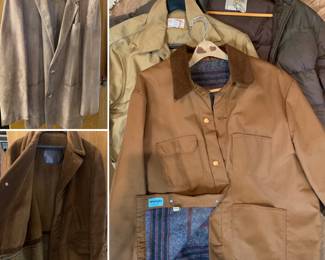 Brand clothing,  COATS, Suits, Overalls, Ski wear, Vintage brands as well as current QUALITY clothing all around mens and womens.  Most sizes are womens large-X-large and mens XL-XXL (some L)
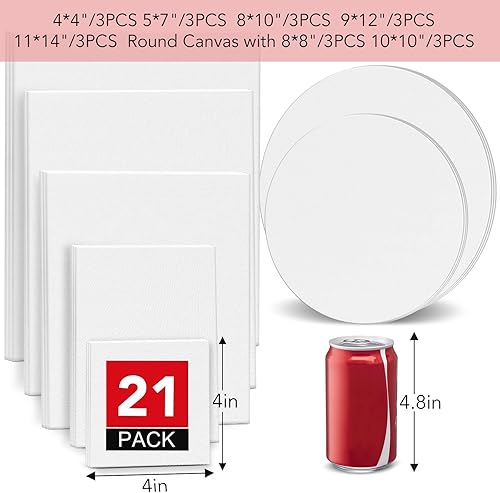 Miniatura 2 de ESRICH Lienzos para pintar tableros de lona de algodón en blanco paquete de 21 unidades con 7 tamaños 4 x 4 pulgadas 5 x 7 pulgadas 8 x 10 pulgadas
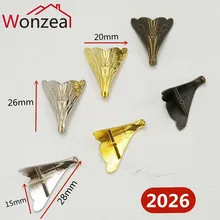 

20pcs Antique Corner Protectors Bronze Tone Case Box Corners For Furniture Decoration feet Metal Craft corner Use glue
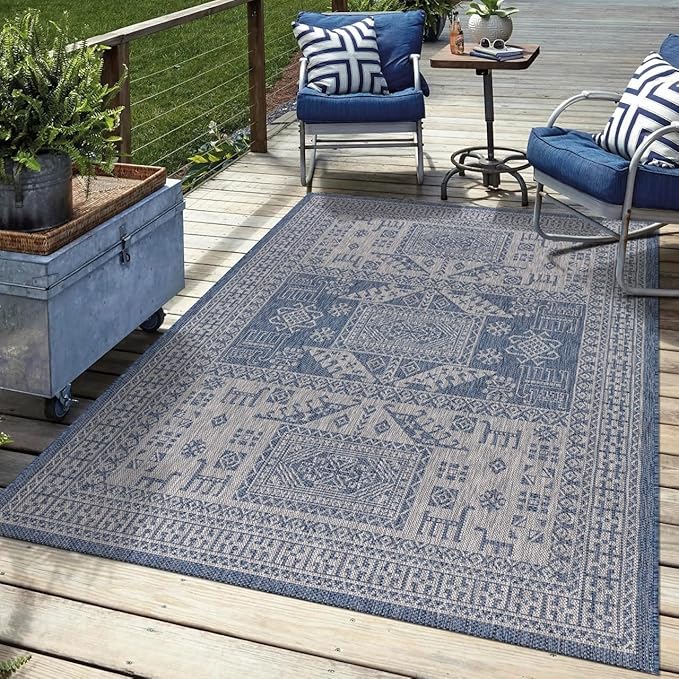 Keen Home Design Terrace Outdoor Area Rug - 46"x67" Washable Indoor/Outdoor Rug for Patio, Kitchen, Balcony, Beach, Garden, Deck and Porch, Size: 3'10" x 5'7", Force Navy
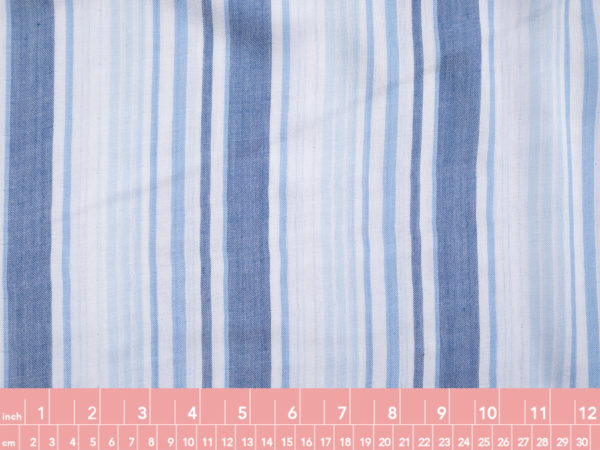 Designer Deadstock - Cotton Double Gauze Stripe - Sky Blue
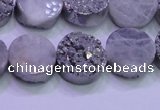 CAG8352 7.5 inches 14mm coin silver plated druzy agate beads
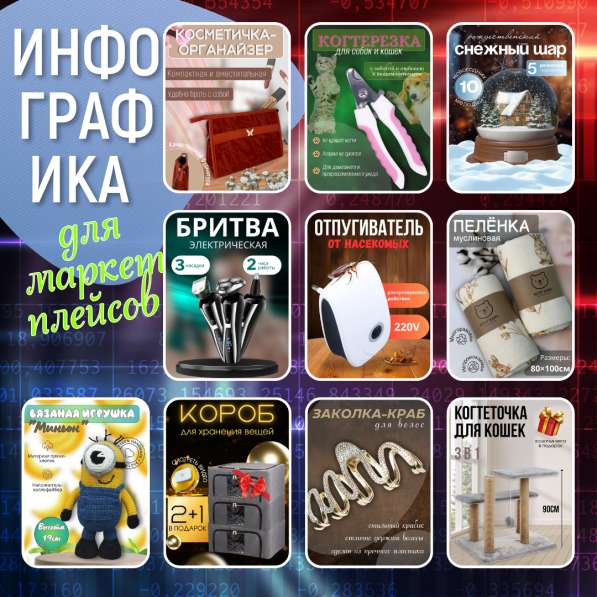 Инфографика для маркетплейсов| Дизайн карточек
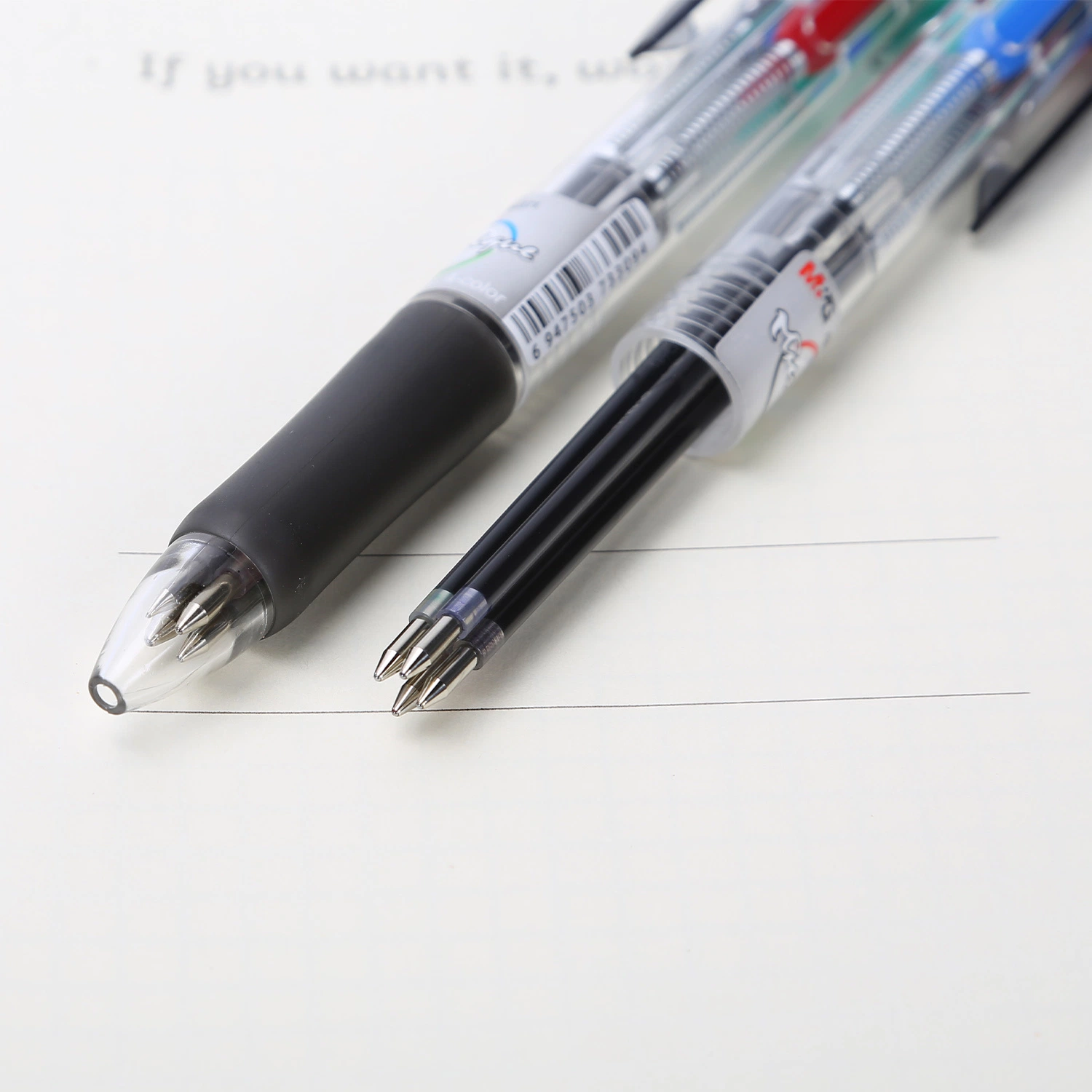 L'École de la Papeterie Stylo en plastique multicolore 4 en 1 stylo à bille rétractable lisse durable Bureau Cliquez sur stylo à bille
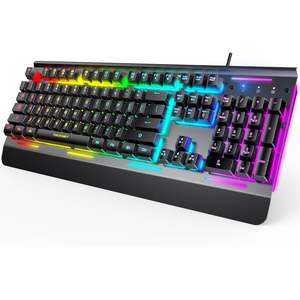Clavier de jeu Tecknet à membrane, filaire USB, éclairage RVB 15 zones, résistant à l'eau IP32, 25 touches anti-ghosting pour PC - Product Image 1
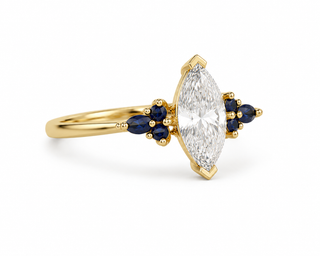 Sapphire Accent Marquise Diamond Engagement Ring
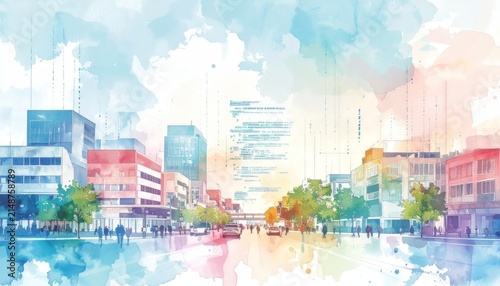 Watercolor cityscape with modern buildings river.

Task description » Leaving out the pictures, please transcribe exactly the lines from the one that holds "Инфографика для маркетплейсов|" through the last line of the entries above, both included.

Output of the task »
 Инфографика для маркетплейсов| Дизайн карточек
 L'École de la Papeterie Stylo en plastique multicolore 4 en 1 stylo à bille rétractable lisse durable Bureau Cliquez sur stylo à bille
Clavier de jeu Tecknet à membrane, filaire USB, éclairage RVB 15 zones, résistant à l'eau IP32, 25 touches anti-ghosting pour PC - Product Image 1
 Sapphire Accent Marquise Diamond Engagement Ring
 Watercolor cityscape with modern buildings river.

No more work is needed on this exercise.